Ford Focus ST: Liebenswürdiges Raubein

Doch für uns spielen Stammtisch-Beschleunigungswerte ebenso wie die Höchstgeschwindigkeit (Ford Focus ST: 248 km/h, VW Golf GTI: 250 km/h) nur eine untergeordnete Rolle – bei sport auto zählt die Querdynamik zur Hartwährung.

Bereits im 18-Meter-Slalom treten die unterschiedlichen Charaktere der Kompaktsportler zu Tage. Während der VW Golf GTI mit neutraler Balance durch die Pylonengasse carvt, keilt der Ford Focus ST gern mit dem Heck aus und schaukelt sich auf. Der Capri wäre wohl auf den Focus ST stolz gewesen. Doch leider macht das raubeinige Fahrverhalten im Slalom nicht unbedingt schnell. Die Pylonenwertung gewinnt der GTI im Vergleichstest mit 1,8 km/h Vorsprung auf den Kompaktsportler von Ford.
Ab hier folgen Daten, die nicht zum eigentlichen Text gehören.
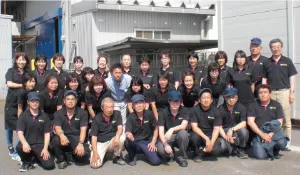 the first company image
Jetzt geht’s zum sport auto-Hauptgang, den Rundenzeiten auf dem Kleinen Kurs des Hockenheimrings. Startreihenfolge Colorado-Rot vor Deep Black Perleffekt – der Ford Focus ST darf vor dem VW Golf GTI ran. Nach den ersten Kurven laufen im ST bei abgeschaltetem ESP die Freudentränen der traditionellen Sportfahrer. Der Ford Focus ST lenkt für seine Fahrzeuggattung extrem direkt ein. Die Lenkung arbeitet ebenfalls äußerst präzise, wenn auch mit etwas zu leichtgängiger Rückmeldung. Auf Lastwechsel reagiert der Ford mit extrem agilen Heckschwenks. Alle sportlich orientierten Piloten mit einer gewissen Portion Fahrkönnen werden von dem agil drückenden Hinterteil begeistert sein.

Ford Focus ST mit deaktivierten Fahrhilfen ist nichts für Fahranfänger

Größter Lacher der ST-Pressemitteilung: „Das serienmäßige Sportfahrwerk bietet weniger routinierten Fahrern ein hohes Maß an Sicherheit.“ Dieses PR-Geschwätz müssen wir verneinen. Fahranfängern sollte man den Ford Focus ST mit dieser agilen Abstimmung des Sportfahrwerks zumindest mit deaktivierten Fahrhilfen besser nicht überlassen.

Zurück zum stürmenden Ford Focus ST nach Hockenheim. Es wäre alles gut, wenn der agil abgestimmten Hinterachse auch die entsprechende produktiv mitarbeitende Vorderachse gegenüberstehen würde. Der Fronttriebler kann seine 250 Pferde nur bedingt zügeln und auf den Asphalt bringen. Eine elektronisch simulierte Pseudo-Sperre namens TVC (Torque Vectoring Control) soll eigentlich für Traktion sorgen, doch der Ford Focus ST fällt mit durchdrehendem, innerem Vorderrad am Kurvenscheitel auf. Früh und hart ans Gas? Geht im Focus ST nicht. Unter Last drängt der Focus verstärkt ins Untersteuern.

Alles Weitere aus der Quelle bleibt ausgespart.